We want people to help us squash the bugs in this API, however we can't hold hands of everyone willing to give this API a try and write a tiny filter. So we decided to keep the API undocumented for now and only help those that can read code and figure things out on their own, we want to keep the noise ratio to the lowest. If you don't know C, I would discourage you to play with the API yet, even if you intend to write filters using a bridge. You will be on your own and unlikely to go much far.

I wanted to show code today because so many people keep requesting a filter API and we've been saying that "it's a work in progress" for so long that it looked like vaporware. I hope this post clarifies that we actually HAVE an API, a usable one on top of that, but it's just not ready and we're too close to having what we want that we're not going to ruin it all by rushing to deliver something half-baked.
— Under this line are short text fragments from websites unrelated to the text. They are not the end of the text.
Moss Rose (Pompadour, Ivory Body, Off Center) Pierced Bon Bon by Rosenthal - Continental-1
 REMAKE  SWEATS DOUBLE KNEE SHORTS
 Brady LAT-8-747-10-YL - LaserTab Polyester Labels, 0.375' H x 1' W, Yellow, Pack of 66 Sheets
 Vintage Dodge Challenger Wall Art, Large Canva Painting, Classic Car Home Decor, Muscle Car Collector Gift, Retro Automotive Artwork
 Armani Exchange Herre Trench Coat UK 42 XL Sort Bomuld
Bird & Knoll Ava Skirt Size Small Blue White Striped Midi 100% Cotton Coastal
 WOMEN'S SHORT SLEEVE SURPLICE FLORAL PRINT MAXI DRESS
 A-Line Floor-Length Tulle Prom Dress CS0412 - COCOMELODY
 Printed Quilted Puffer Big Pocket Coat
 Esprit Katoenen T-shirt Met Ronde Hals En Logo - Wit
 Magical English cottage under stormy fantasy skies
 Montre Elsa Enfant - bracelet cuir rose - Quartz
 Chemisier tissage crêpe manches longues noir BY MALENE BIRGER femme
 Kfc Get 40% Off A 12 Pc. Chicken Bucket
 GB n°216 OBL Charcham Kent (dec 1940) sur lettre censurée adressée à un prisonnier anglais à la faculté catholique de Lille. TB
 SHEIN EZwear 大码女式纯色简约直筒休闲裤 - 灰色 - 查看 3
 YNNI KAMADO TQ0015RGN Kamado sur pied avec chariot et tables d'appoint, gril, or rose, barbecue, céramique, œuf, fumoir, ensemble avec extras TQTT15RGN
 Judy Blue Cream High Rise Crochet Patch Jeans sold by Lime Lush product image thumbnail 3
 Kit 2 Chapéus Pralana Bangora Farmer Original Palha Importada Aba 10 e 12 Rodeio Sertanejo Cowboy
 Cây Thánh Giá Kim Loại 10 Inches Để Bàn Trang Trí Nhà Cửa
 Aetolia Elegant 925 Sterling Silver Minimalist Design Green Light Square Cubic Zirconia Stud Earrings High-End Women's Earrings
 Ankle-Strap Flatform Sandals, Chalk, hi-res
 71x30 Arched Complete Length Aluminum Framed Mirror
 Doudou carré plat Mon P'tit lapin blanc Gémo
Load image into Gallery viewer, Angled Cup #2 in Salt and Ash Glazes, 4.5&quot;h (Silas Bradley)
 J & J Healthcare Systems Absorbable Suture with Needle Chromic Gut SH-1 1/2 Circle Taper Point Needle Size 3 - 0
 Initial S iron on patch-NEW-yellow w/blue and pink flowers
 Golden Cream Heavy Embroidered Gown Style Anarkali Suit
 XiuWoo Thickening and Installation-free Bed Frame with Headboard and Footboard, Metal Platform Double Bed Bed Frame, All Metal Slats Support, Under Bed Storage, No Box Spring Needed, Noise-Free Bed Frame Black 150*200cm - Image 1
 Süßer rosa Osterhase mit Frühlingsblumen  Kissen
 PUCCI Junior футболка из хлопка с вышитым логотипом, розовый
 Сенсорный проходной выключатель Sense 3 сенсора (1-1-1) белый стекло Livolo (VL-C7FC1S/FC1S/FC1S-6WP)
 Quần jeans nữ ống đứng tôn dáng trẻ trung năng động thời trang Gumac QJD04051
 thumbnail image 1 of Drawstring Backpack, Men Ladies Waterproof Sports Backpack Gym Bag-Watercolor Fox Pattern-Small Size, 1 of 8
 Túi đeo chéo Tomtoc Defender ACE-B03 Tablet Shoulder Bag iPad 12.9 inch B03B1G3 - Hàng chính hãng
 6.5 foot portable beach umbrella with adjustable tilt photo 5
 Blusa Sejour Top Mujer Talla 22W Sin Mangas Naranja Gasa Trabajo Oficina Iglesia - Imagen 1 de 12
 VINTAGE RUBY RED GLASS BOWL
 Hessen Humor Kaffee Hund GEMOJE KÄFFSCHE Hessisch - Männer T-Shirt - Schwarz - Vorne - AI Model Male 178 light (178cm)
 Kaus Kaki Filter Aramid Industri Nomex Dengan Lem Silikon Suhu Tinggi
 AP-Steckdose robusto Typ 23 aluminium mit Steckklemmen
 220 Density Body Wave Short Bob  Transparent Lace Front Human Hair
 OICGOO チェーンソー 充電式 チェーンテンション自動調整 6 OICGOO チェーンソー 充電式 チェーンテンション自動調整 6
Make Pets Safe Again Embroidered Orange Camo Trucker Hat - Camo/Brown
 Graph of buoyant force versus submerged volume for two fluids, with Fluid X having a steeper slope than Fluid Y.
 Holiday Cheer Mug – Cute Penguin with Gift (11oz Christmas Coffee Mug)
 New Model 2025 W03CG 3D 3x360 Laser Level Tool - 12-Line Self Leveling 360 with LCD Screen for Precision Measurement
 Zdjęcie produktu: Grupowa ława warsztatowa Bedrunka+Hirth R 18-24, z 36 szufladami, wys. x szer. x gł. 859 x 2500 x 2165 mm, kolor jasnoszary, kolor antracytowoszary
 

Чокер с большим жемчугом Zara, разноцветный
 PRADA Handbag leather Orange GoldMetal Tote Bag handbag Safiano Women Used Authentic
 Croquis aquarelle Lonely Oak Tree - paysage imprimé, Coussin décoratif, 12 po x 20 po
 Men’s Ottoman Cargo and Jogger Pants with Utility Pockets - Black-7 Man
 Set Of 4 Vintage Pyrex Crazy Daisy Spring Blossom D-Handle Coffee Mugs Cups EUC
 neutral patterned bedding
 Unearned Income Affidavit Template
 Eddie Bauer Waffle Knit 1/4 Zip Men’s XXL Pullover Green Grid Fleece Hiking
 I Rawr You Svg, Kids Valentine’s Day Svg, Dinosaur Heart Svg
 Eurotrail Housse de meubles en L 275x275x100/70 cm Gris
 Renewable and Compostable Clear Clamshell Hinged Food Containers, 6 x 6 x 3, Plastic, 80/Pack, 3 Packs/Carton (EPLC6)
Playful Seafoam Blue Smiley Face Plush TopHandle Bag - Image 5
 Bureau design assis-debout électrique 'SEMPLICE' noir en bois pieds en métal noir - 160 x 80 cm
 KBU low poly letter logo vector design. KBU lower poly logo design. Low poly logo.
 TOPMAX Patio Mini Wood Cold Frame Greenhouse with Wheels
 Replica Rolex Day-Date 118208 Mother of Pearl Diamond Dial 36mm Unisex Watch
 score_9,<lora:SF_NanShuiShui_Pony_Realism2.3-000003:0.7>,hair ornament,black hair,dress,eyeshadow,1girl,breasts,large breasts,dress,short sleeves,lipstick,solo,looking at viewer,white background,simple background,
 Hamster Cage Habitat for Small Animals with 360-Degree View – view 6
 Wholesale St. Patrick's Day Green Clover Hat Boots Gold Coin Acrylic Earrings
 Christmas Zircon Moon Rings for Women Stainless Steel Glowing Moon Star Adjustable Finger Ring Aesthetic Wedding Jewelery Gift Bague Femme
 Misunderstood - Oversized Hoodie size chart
Note that I didn't show how you could actually plug it, this was done on purpose. If you manage to find by yourself, feel free to help us move the API forward by starting to write your own filters. If you need help to activate, you've failed the easiest test, by all means stay away from this API until it has stabilized.

AWWWWW :-(

Don't be sad :-(

We're working precisely on getting this API stable enough that we can ship it with our next major release. It will be considered experimental, but it will be shipped and you will be able to play with it.

Before you ask, no we don't know when that release would be. Unlike other releases which we can plan on a regular schedule, this one is so invasive and the feature is so big that we will delay for as long as it takes before planning the release. The only thing delaying the major release is the filter code.

And don't get confused, there will be an OpenSMTPD-5.4.4 release soon... but this is a minor release, not the one with filters.